(PROBLEM STATEMENT): In duplicating the lines below, keep every word unchanged and drop the pictures.

(Beginning of RECORDED DATA)

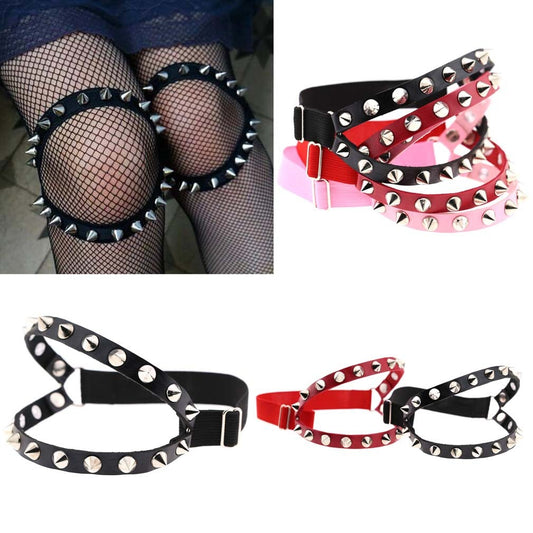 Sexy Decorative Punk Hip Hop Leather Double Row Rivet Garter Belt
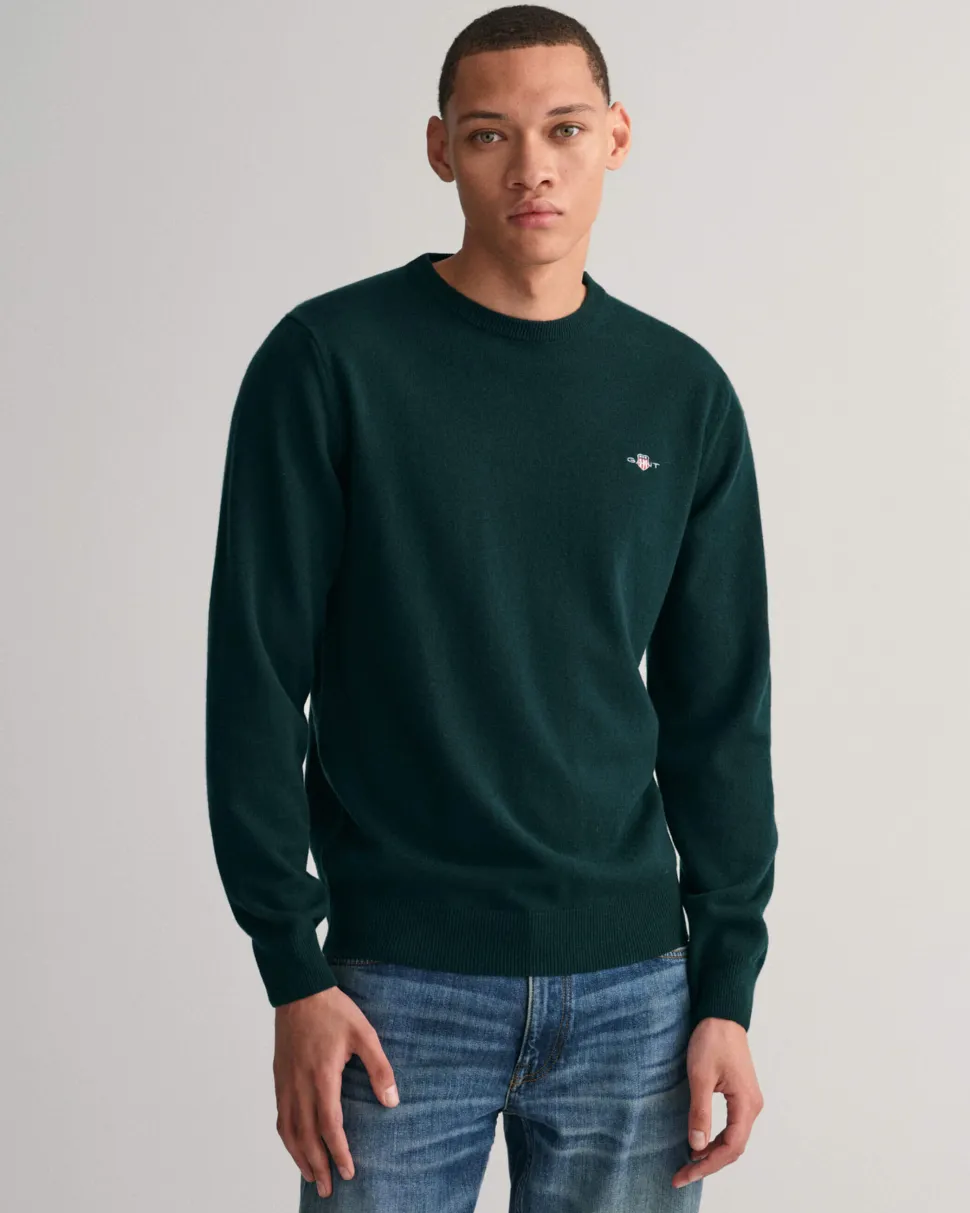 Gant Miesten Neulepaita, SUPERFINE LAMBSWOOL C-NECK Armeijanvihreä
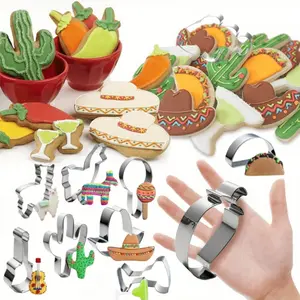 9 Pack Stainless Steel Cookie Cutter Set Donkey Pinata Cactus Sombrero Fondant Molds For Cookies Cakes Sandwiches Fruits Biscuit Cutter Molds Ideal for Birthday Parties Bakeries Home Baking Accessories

(End of RECORDED DATA)

(TASK SOLUTION):
 Sexy Decorative Punk Hip Hop Leather Double Row Rivet Garter Belt
 Gant Miesten Neulepaita, SUPERFINE LAMBSWOOL C-NECK Armeijanvihreä
 9 Pack Stainless Steel Cookie Cutter Set Donkey Pinata Cactus Sombrero Fondant Molds For Cookies Cakes Sandwiches Fruits Biscuit Cutter Molds Ideal for Birthday Parties Bakeries Home Baking Accessories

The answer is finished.